2009 Irish collection of letters

Dear Sebastian is a 2009 book published by Hodder Headline Ireland. The book's content is a collection of letters from notable people in Irish society to a young boy who lost his father to cancer.

The book's editor was Jordan Ferguson from Glounthaune, County Cork.
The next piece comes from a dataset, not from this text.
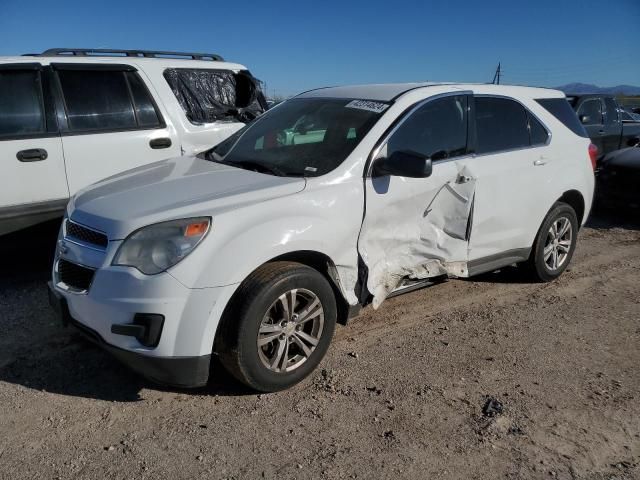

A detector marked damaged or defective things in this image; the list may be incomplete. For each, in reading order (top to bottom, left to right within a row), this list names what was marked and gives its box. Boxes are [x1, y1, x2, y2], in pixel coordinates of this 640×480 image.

white damaged suv [47, 81, 596, 390]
According to the book, in March 2008, he was diagnosed with terminal cancer and told he had only months to live. He had one 9-year-old son, Sebastian. Ferguson then decided to gather together letters from "successful" Irish people. This project ended up becoming the book Dear Sebastian. Ferguson died before completing the book, but he asked his mother, Christine Horgan, to finish the project.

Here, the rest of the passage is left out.